WORK TASK
Only the lines from the one bearing "VERTEX&KAIBIN Women's Autumn" through the end of the listing belong in your response, restated word for word and without pictures.

EXERCISE MATERIAL
►
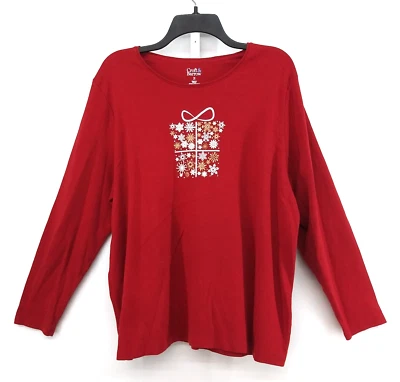 Croft & Barrow Shirt Womens Size 2X Red Long Sleeve Glitter Snowflakes Christmas - Image 1 of 4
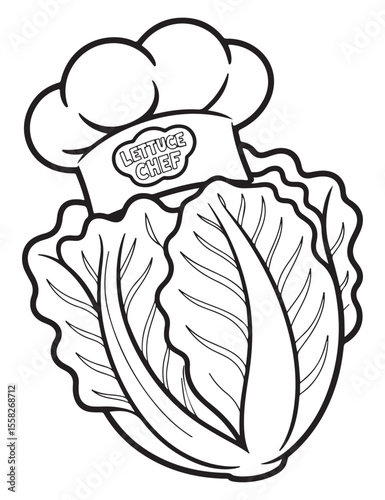 A lettuce wearing a chef hat with lettuce chef written on it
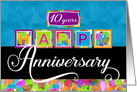 Employee Anniversary 10 Years - Colorful Happy Anniversary card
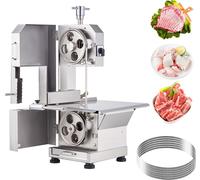 SucceBuy Scie à ruban électrique commerciale pour la viande, 2200 W, scie à os en acier inoxydable, machine à haut rendement, pour les bouchers et la transformation de la viande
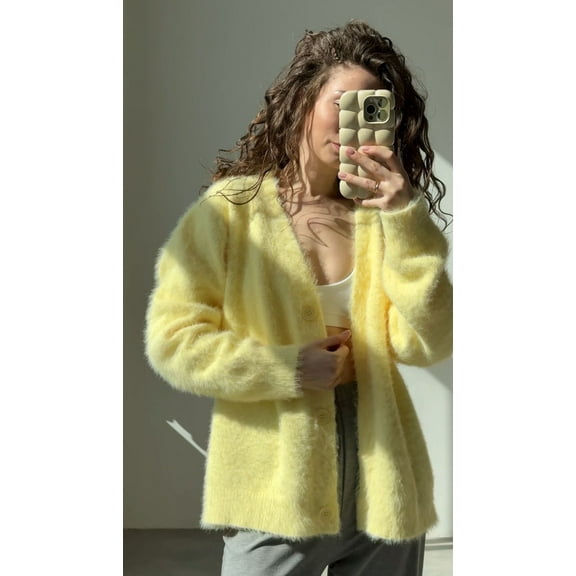 VERTEX&KAIBIN Women's Autumn European & American New Style Loose V-Neck Faux Mink Knit Cardigan Acrylic Sweater Top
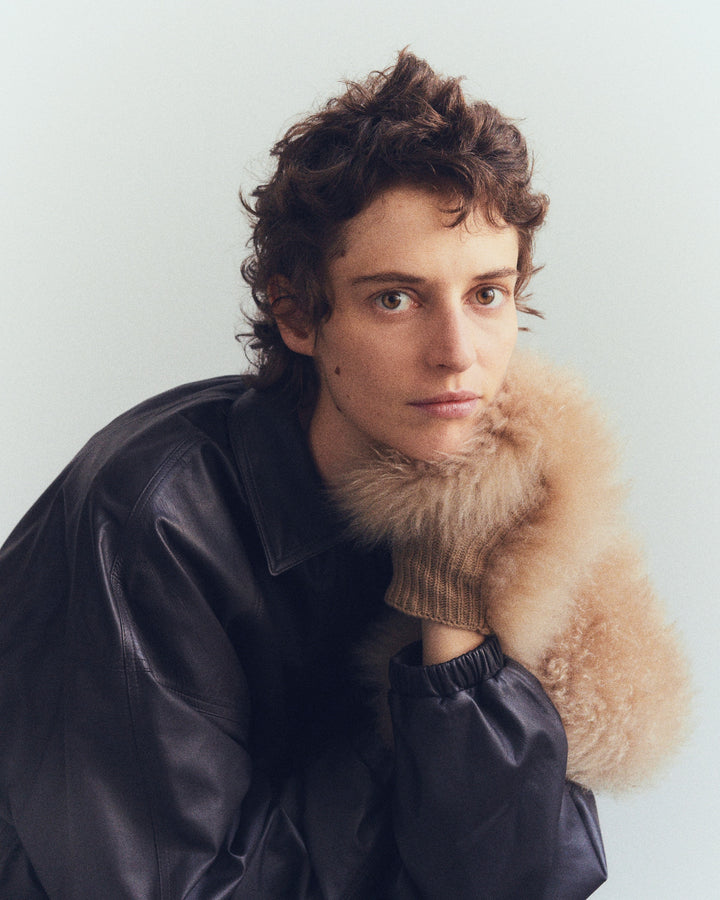 Cashmere and wool knit mittens with cashmere lambskin - Yves Salomon - New Fall Winter Collection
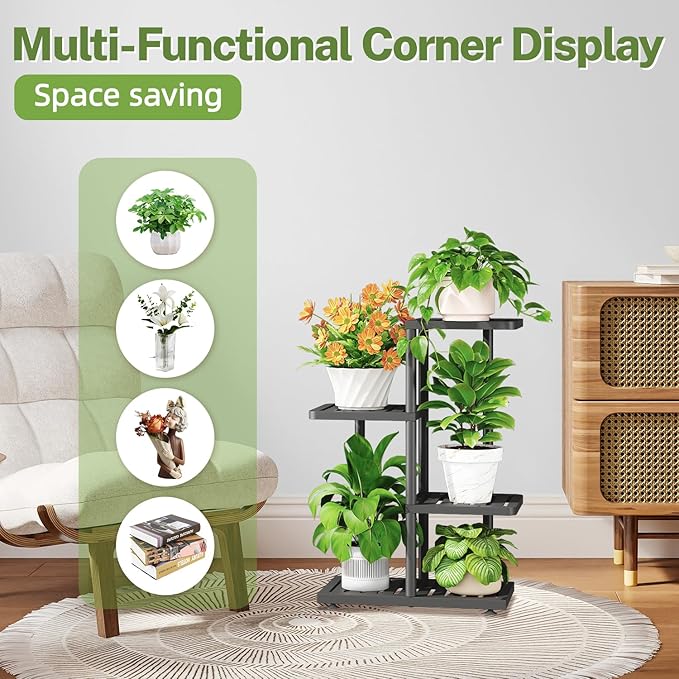 iDavosic.ly Plant Stand Indoor Outdoor, 3-Tier Tall Metal Flower Shelf - Image 6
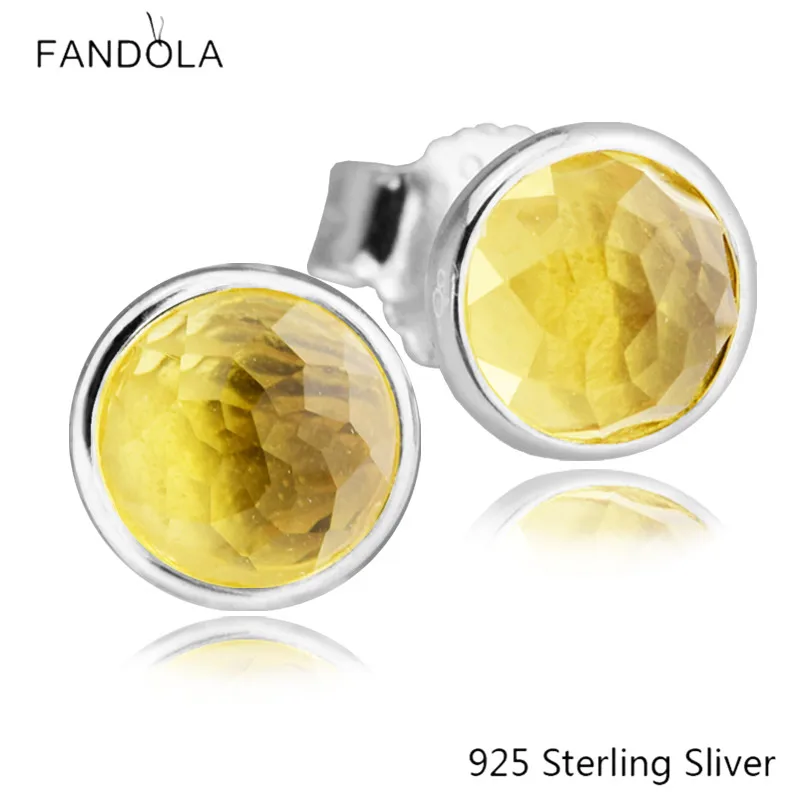 Женские серьги гвоздики из серебра 925 пробы с цитрином|stud earrings| |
◄
RESULT OF THIS EXERCISE
 VERTEX&KAIBIN Women's Autumn European & American New Style Loose V-Neck Faux Mink Knit Cardigan Acrylic Sweater Top
 Cashmere and wool knit mittens with cashmere lambskin - Yves Salomon - New Fall Winter Collection
 iDavosic.ly Plant Stand Indoor Outdoor, 3-Tier Tall Metal Flower Shelf - Image 6
 Женские серьги гвоздики из серебра 925 пробы с цитрином|stud earrings| |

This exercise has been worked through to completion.